Caesarea Origins: Straton’s Tower
A man by the name of Straton is believed to have been the ruler of Sidon (now part of Israel) as far back as the 4th century BC, and what is now known as Caesarea was Straton’s Tower until about 90 BCE, when it was captured by Alexander Jannaeus. Jannaeus was interested in shipbuilding and enlarging the Hasmonean kingdom, and as such, Straton’s Tower remained a Jewish settlement a number of years until the Romans came along in 63 BCE. The Romans declared it an autonomous city, and it underwent a number of significant changes during its pagan transition. Herod the Great renamed the city Caesarea after the Roman emperor Caesar Augustus.
The Development of the Port City
Following the dedication of Caesarea, Herod began to truly shape the future of the city. He began to construct a massive harbor, and like many Roman cities at the time, he incorporated bathhouses, markets, storerooms, public buildings, roads, and even temples dedicated to Rome and to Caesar Augustus. At one point, the city held gladiator games and other sporting events in a theatre on the Mediterranean Sea. Caesarea was considered a cultural hub in those days. This changed in the Byzantine period when the city was used mostly for commercial trade.
A Christian Holy Place
Although Caesarea has a very long and extensive history, it is most well-known to Christians for being the place where Pontius Pilate ruled during the time of Jesus. It is the very site where a Roman by the name of Cornelius was persuaded by Simon Peter to believe in the miracles of Jesus. Paul was imprisoned for three years within the city, and it became a very important hub for Christian learning in the 3rd and 4th centuries, later becoming a huge center for the Christian Roman Empire.
The Fall of Caesarea
Of course, all good things come to an end, Caesarea became the very last city in Palestine to fall to Muslim invaders. Later, when the Muslims left Arabia and moved across the Middle East, the land of Israel was generally considered abandoned and neglected. The Crusaders captured it in 1099 but lost it to Saladin in 1187, and the Jewish community there dwindled into near nonexistence.

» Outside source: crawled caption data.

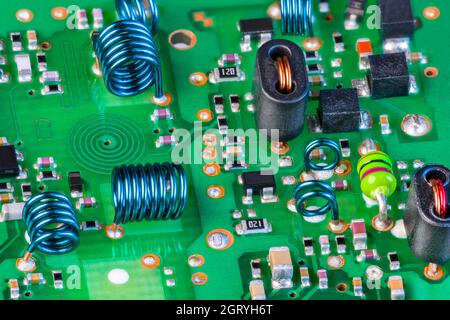 Elektronische Bauteile zum Empfang von Hochfrequenzsignalen, grüne Leiterplatte. Planare Spiralspule in Leiterplattenschicht, Luftspulen in TV-Karte. Stockfoto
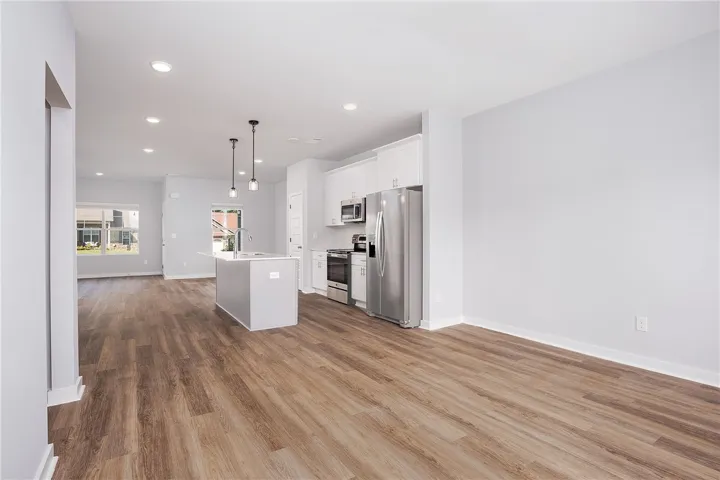 A contemporary open-concept layout unites kitchen and living areas, highlighted by recessed lighting.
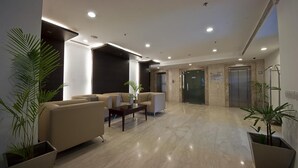 A modern lobby with a reception area, seating, and an elevator. - Hotel Grenville (Gurugram)
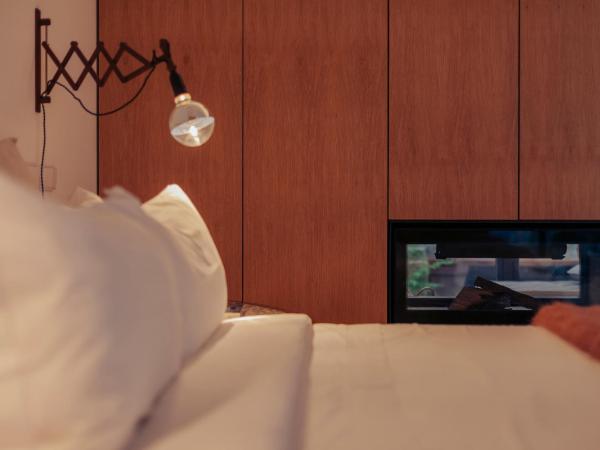 Rosa Et Al Townhouse : photo 9 de la chambre chambre double ou lits jumeaux deluxe – vue sur jardin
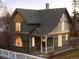 Quaint two-story home showcasing detailed trim work, covered porch and manicured landscaping at 1433 Olive St, Denver, CO 80220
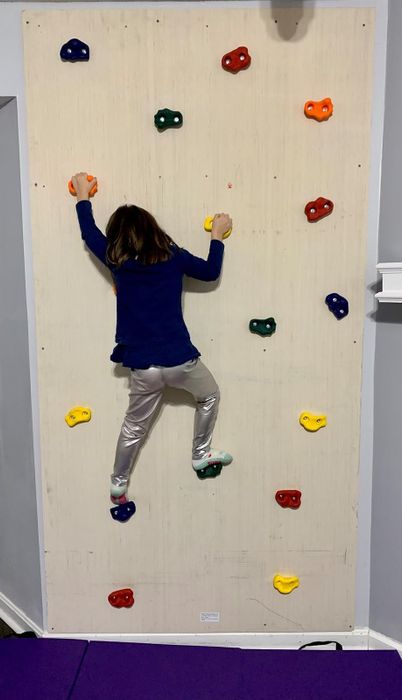 Image of a reviewer’s child climbing the rock wall set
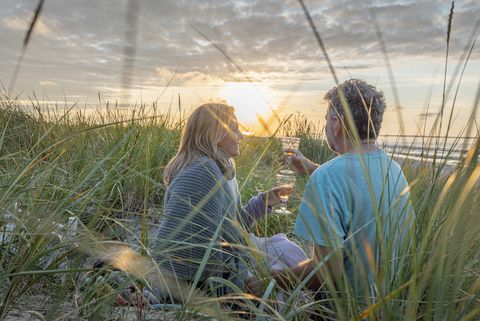 Ein Pärchen sitzt bei Sonnenuntergang in den Dünen und stößt mit Sekt an
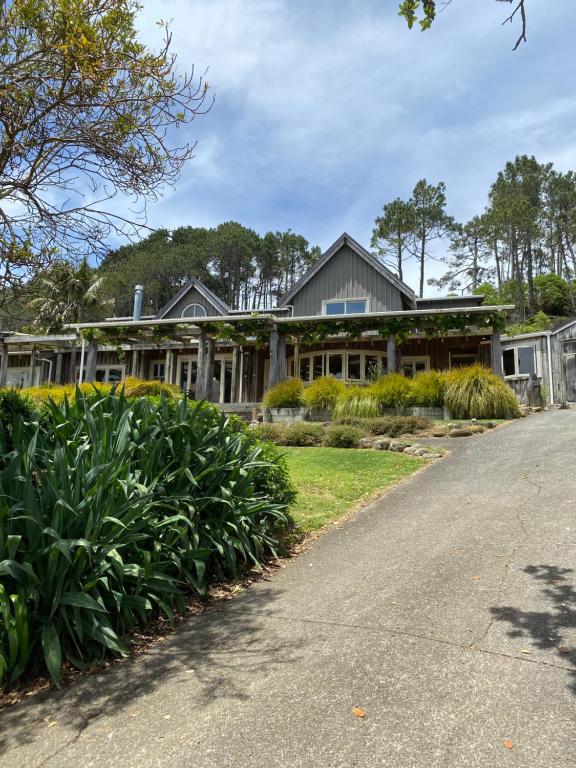 a house with a garden in front of a driveway at Above the Bay in Hahei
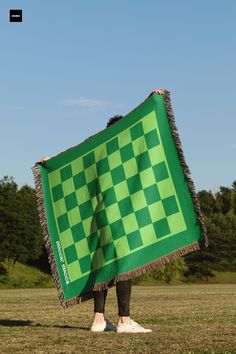 a person standing in a field holding a green and black checkered blanket over their head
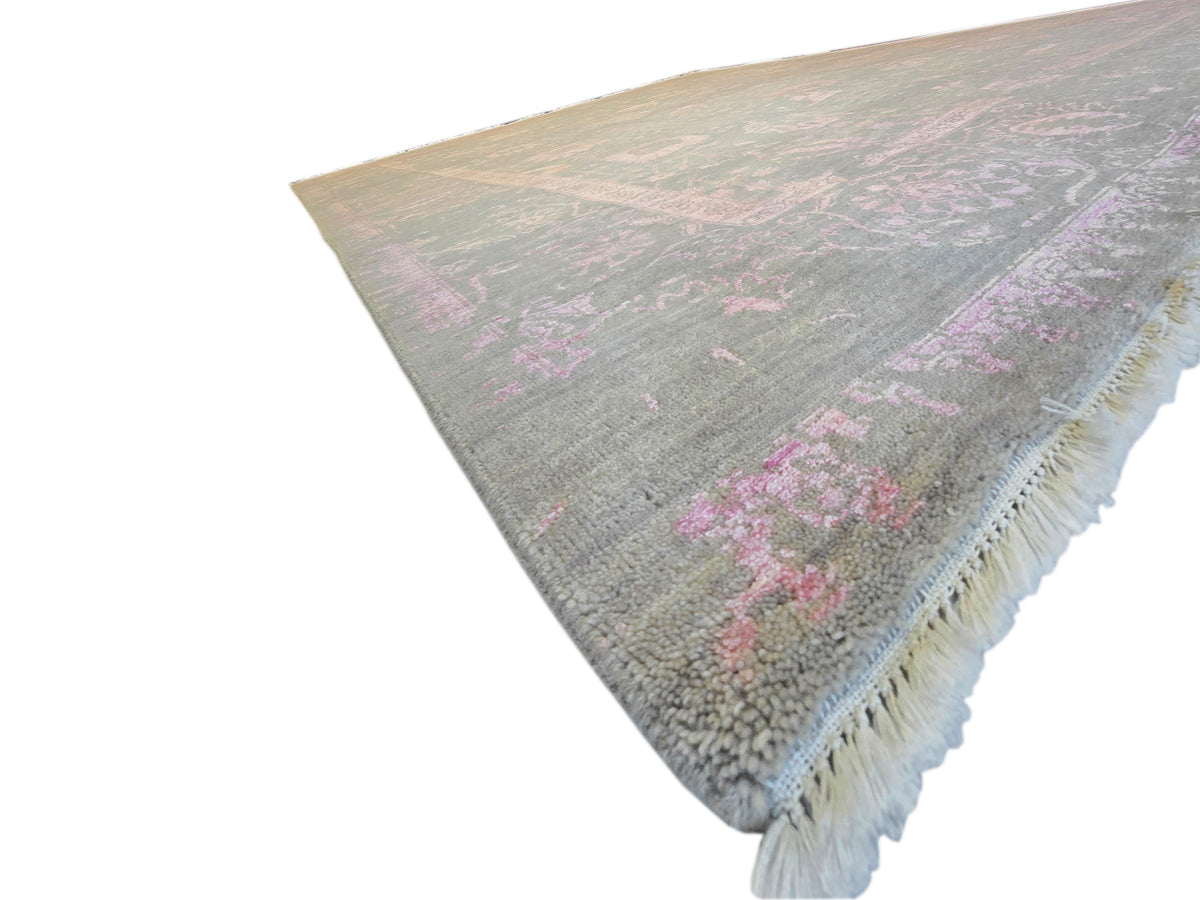 Modern rug corner with short fringe; gray with faded pink decorative pattern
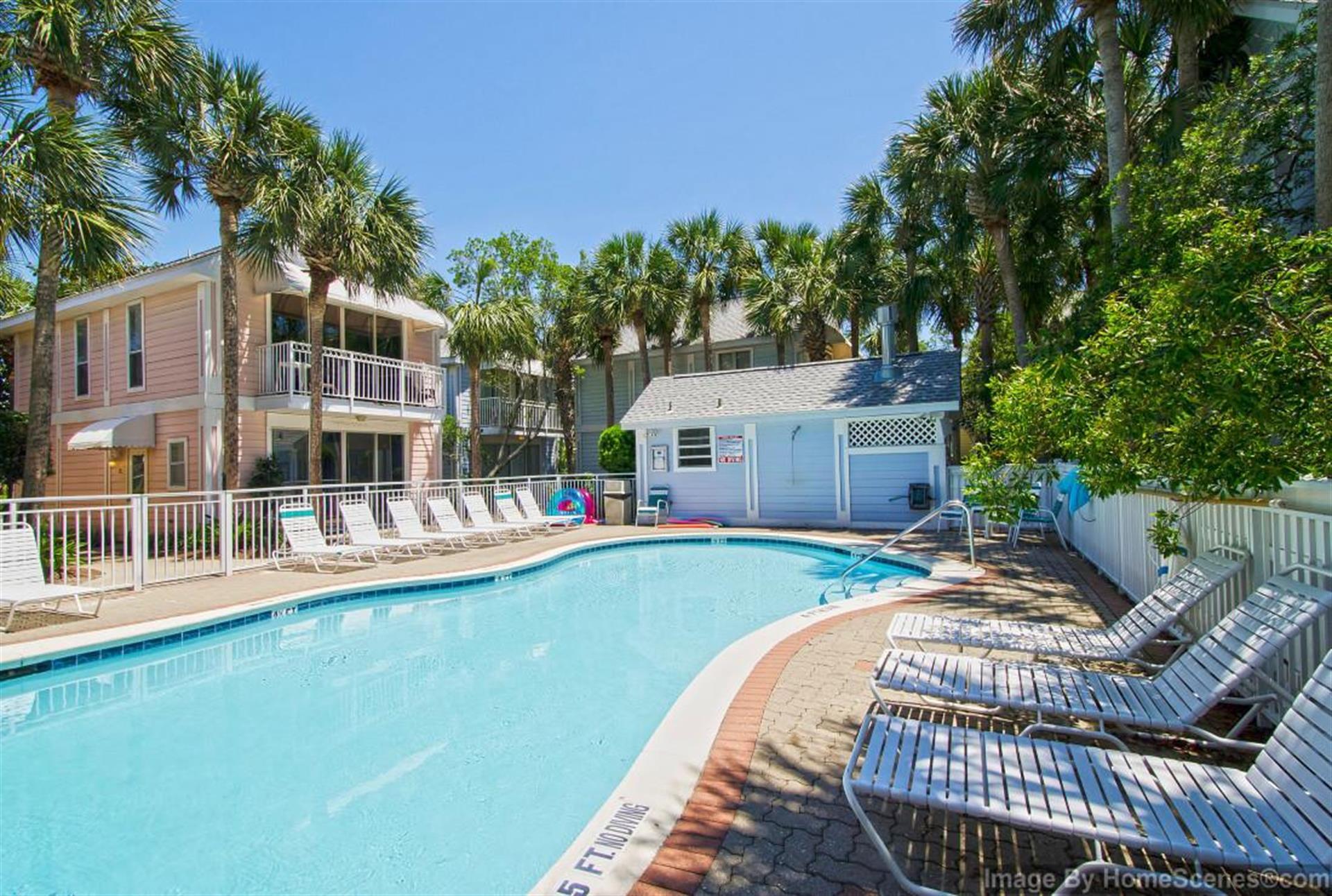 69 Crystal Beach Drive, Unit 8 Destin, FL 32541 - Photo 47 of 51 a view of a house with backyard and sitting area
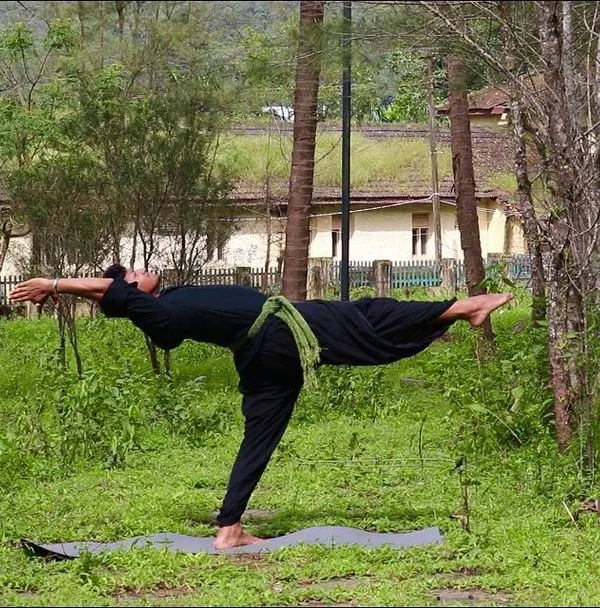 Practicing Hurdhvamuka Veerabhadrasana in a quiet green space. Each yoga posture offers a different perspective on life, helping us to understand situations with more clarity and handle them with balance.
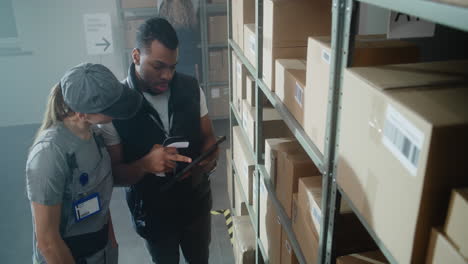 warehouse workers checking inventory with tablet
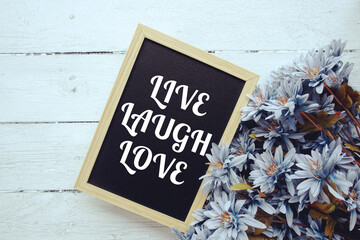 Live Laugh Love typography text written on wooden blackboard with flower bouquet decorate on wooden...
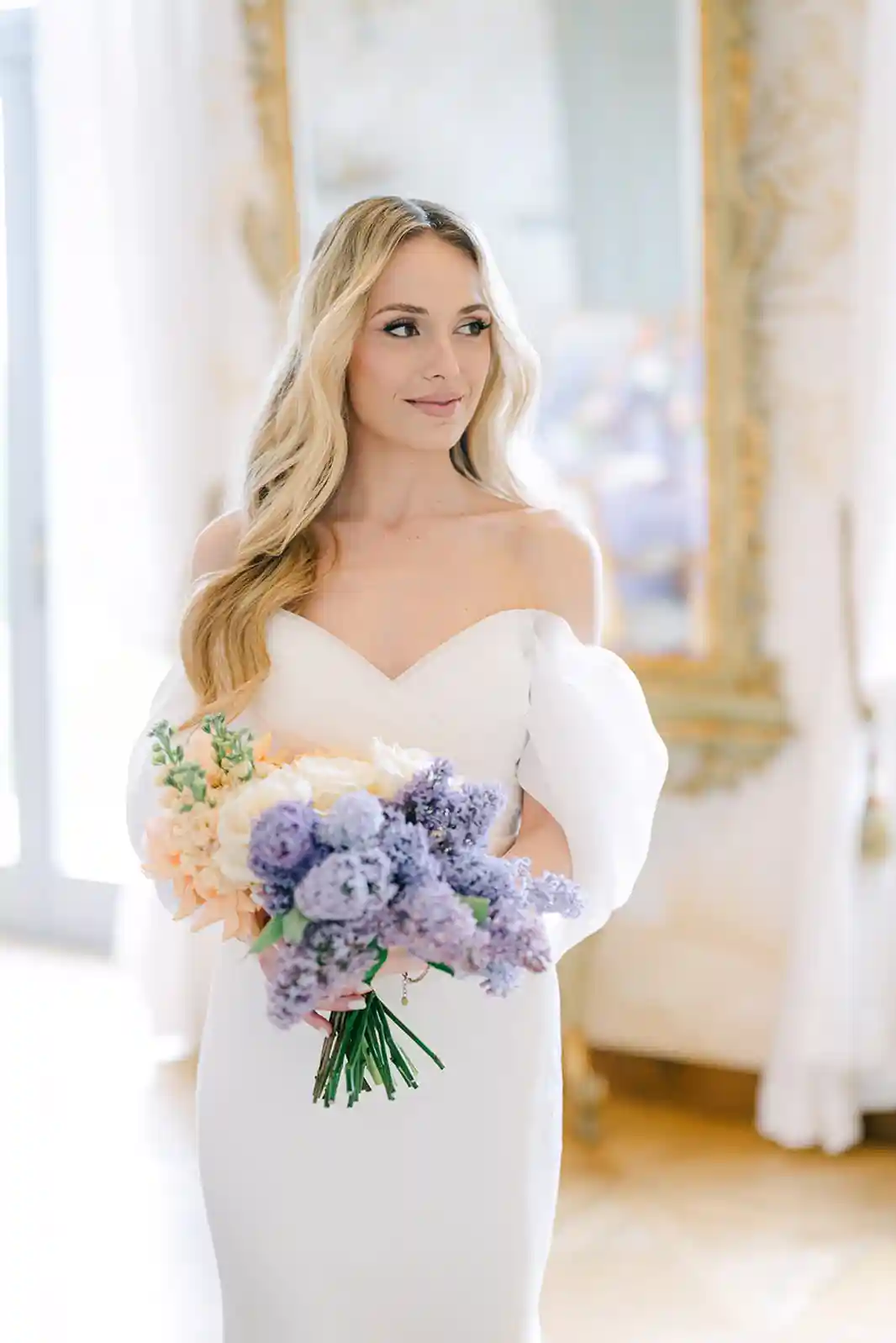 Noiva segurando um buquê de flores lilases e laranjas, com vestido branco de mangas bufantes.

Later, Louis IX reconstructed the city between 1251 and 1252, but it fell to Baybars, a sultan of Egypt, who destroyed it. Caesarea lay in ruins unit 1884, but it was resettled in 1884 by a group of Muslim refugees out of Bosnia, who established a fishing village there. In 1948, during the War for Independence, it was abandoned once again.
Like many cities in Israel, Caesarea has a rich past and interesting history. The Amphitheatre, built back in Roman times, hosts shows and events to this day. There are many relics around the city that remain, though many have been reclaimed and are now farms, homes, or places of worship.